(503c) Breaking Barriers to Product Design Team Success (or Stopping Management from Undermining Teams) | AIChE

(503c) Breaking Barriers to Product Design Team Success (or Stopping Management from Undermining Teams)

Authors 

Lander, L. H. - Presenter, Lander & Associates, LLC


More often than we like to admit, management decreases the probability of design team success through poor or inept instructions, lack of effective monitoring and support, and other dysfunctional behaviors. A few examples:

- management tends to provide too few strategic inputs and too many tactical inputs

- functional bosses of team members do not speak with one voice and conflicts among them are not resolved

- management criteria are fuzzy (the team's perception?) and the goal posts shift throughout the project

- management does not effectively use gates to hold teams accountable for their progress.

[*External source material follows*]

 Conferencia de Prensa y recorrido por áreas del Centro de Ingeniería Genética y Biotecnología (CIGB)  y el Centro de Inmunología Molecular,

Obviously management does not intend to cause teams to fail. Why then do these destructive behaviors persist and, more importantly, what can be done about it? This paper will present examples of problems created by management and provide a model for more effective leadership, where management partners with teams to create the desired outcomes, on time and within budget. The context will be for product design teams in a fast moving consumer goods company, but the methodology is applicable to any design team situation. Project contracting, planning and risk management tools will provide the framework and systems thinking skills will be used to distinguish dysfunctional from effective behaviors.